When we started researching this feature, we put a call out on Twitter, asking people which is their favourite urban park. The Oval was the overwhelming winner, but second place was a surprise, to us anyway: People really like Sands at Salter, the beach-themed park on the waterfront.
Sands at Salter is a byproduct of a failed development proposal called Salter Block, which called for a small boutique hotel, an apartment building, 75,000 square feet of retail space and, crucially, a half-hectare public park. Developer Frank Medjuck ultimately backed out of the proposal, but the idea for the park got people thinking, explains Colin MacLean, president of Waterfront Development, the provincial crown corporation that controls the waterfront.
"We called in everyone we could think of, poured them a cup of coffee and asked them what we should do with the space," says MacLean. The idea for an urban beach came up, and that led to the concept of pulling up the parking lot, piling the asphalt and covering it to form the berm overlooking the water.
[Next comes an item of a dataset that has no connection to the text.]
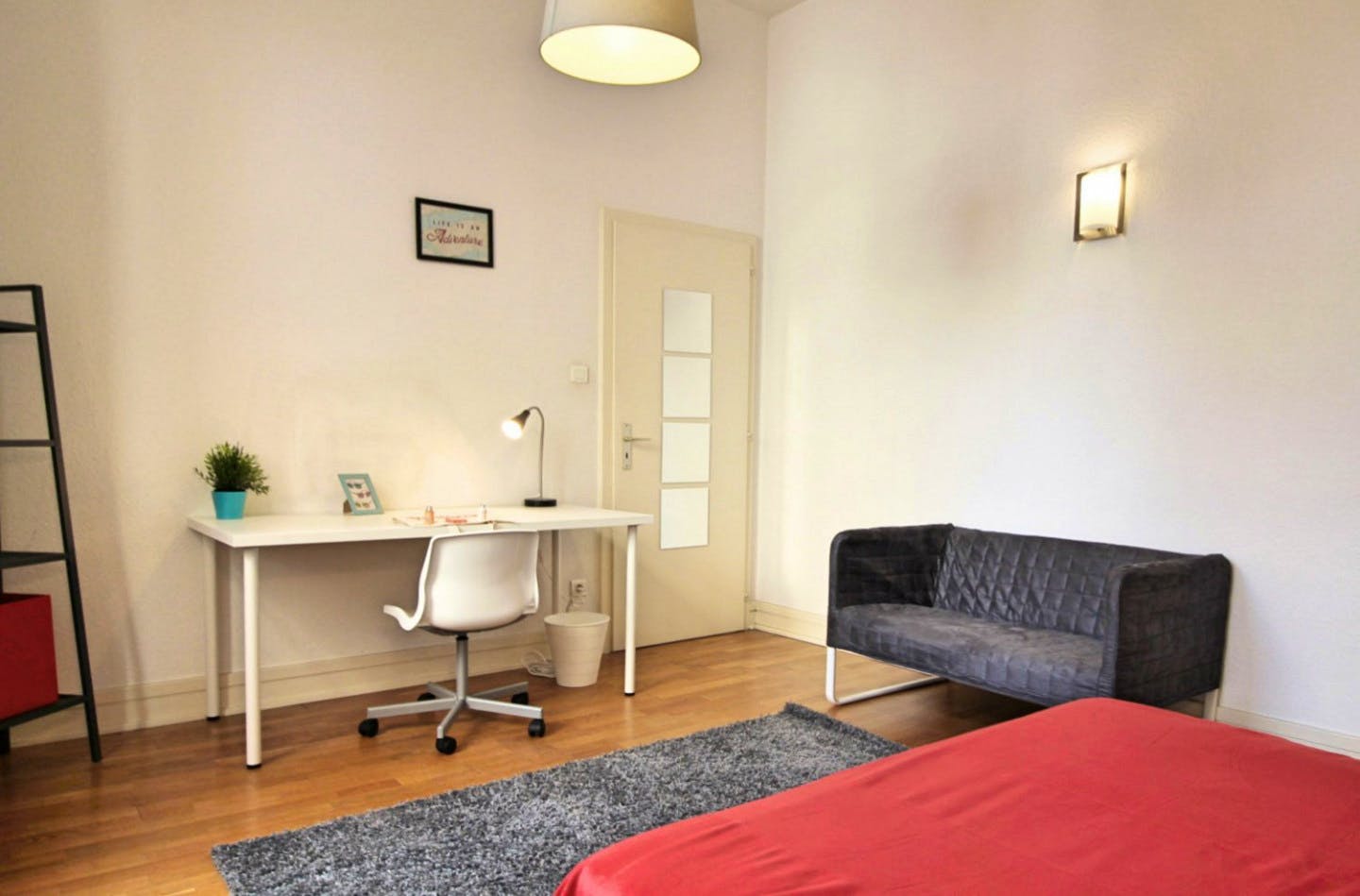  Spacious And Cosy Room - 22m² - ST19  -  Large apartment located close to the Botanical Garden in Strasbourg  - Gallery -  9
The actual sand lot, however, was almost an afterthought, as local event organizer Derek Martin had landed hosting rights to the World Juniors' Beach Volleyball Championship. "He asked if he could hold them here, and we said why not?" says MacLean.
The resulting park, costing just $50,000, plus the loss of parking revenue, is successful beyond anyone's dream, but also works differently than was anticipated. "We've found that the focus is not on the waterfront, but instead on the open space and sand," says MacLean. "People aren't accessing the water much."
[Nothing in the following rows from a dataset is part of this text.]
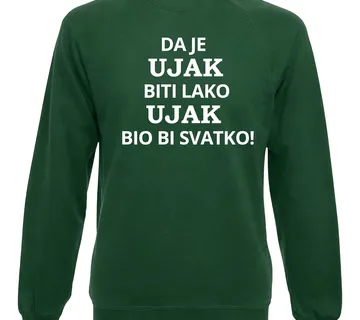 Pulover da je ujak biti lako - cover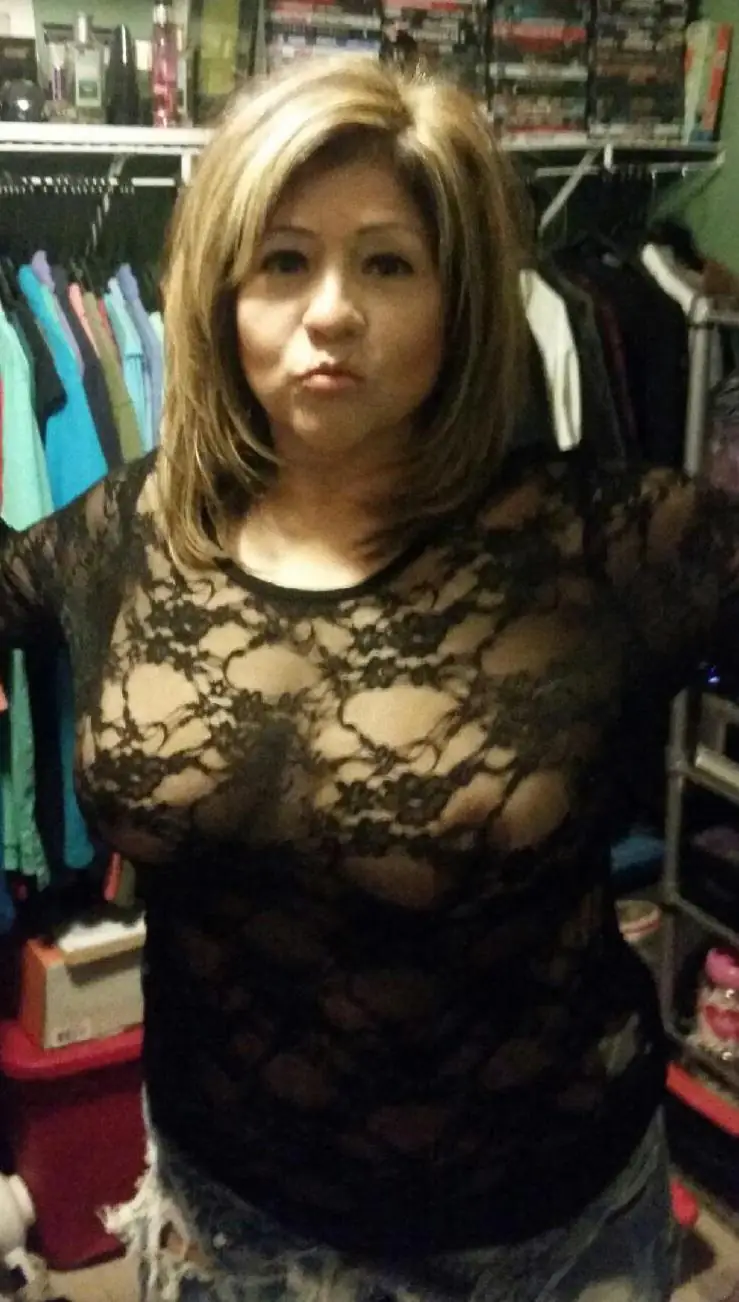 Gorgeous lingerie and heavy tits waiting for you to ride on top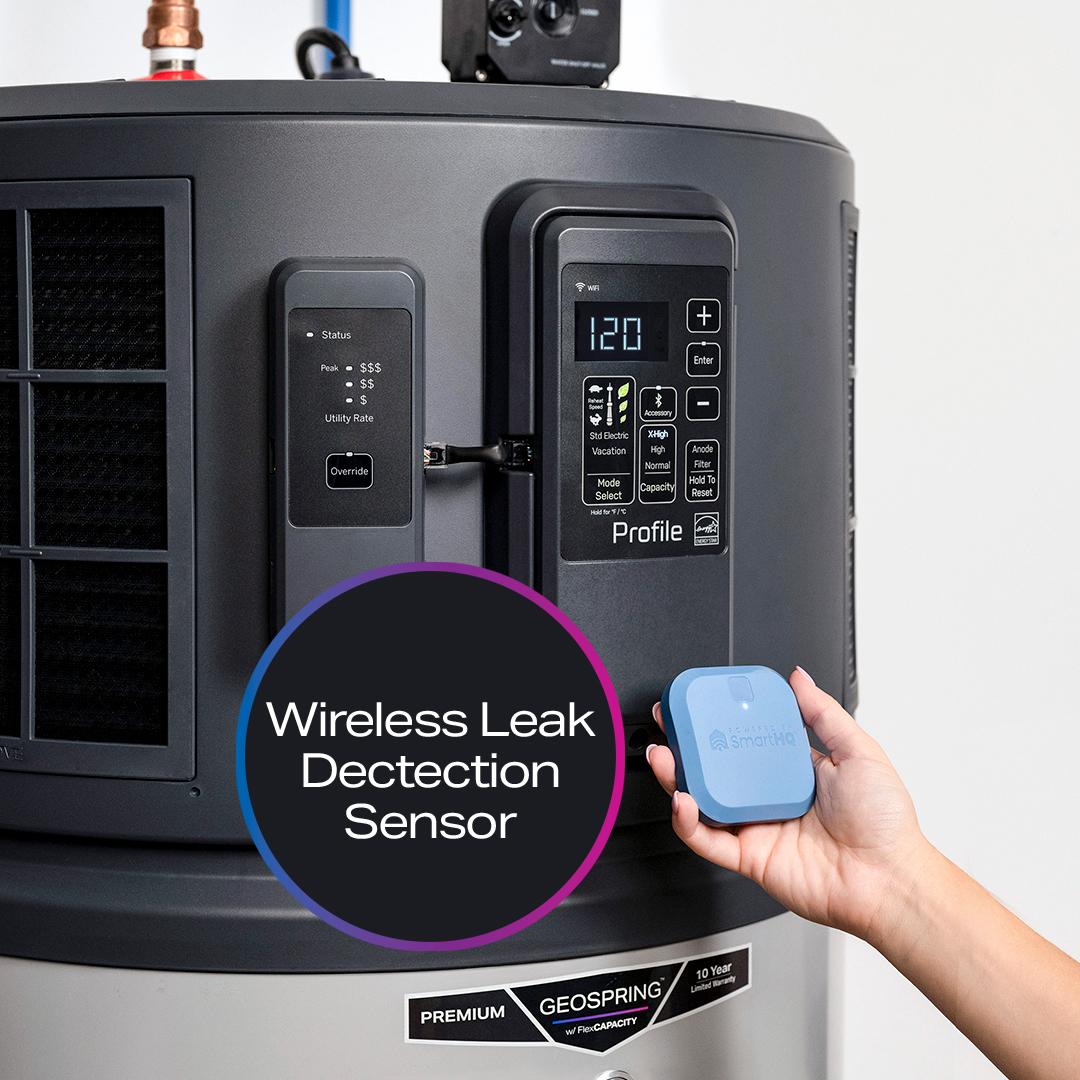 PH50S10BNY GE Profile™ GEOSPRING™ Smart Hybrid Heat Pump Water Heater 50-gallon - 240V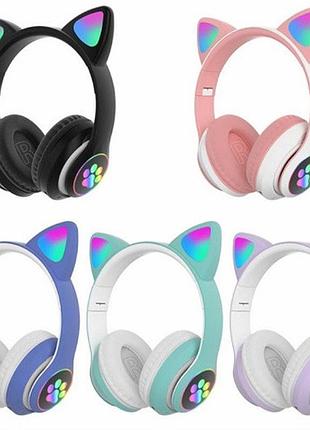 Bluetooth наушники с подсветкой и картой памяти b39m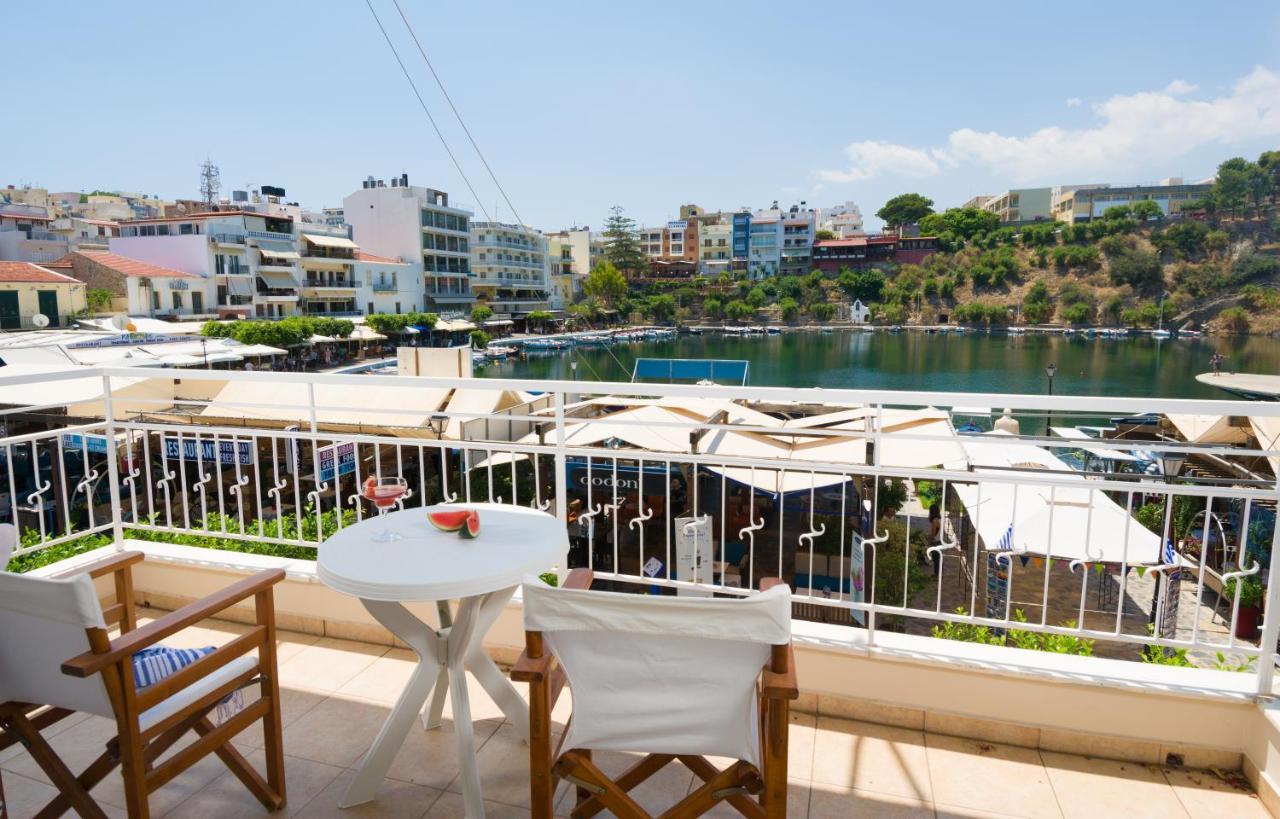 Straight To The Lake View Apartments Агиос-Николаос Экстерьер фото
Additionally, the park is almost entirely used by locals. When cruise ships are in, the park is empty. When the tourists are away, the park fills up. MacLean talks of children using the sand passively, and of one young woman who started a developmental volleyball league, to teach the game to junior high and high school students.
Sands at Salter was initially intended to be in existence for just two years, as it was expected that a new development proposal for the site would be floated by now. But with no developments in the works, MacLean commits to keeping the park another year or two. "We're going to fix a few things, and try to figure out how to encourage people to get in the water. Maybe they don't know it's OK to go in the water."
For the long term, even with a new development, there will likely still be a Sands at Salter, or something much like it. "A developer might have a better proposal," says MacLean.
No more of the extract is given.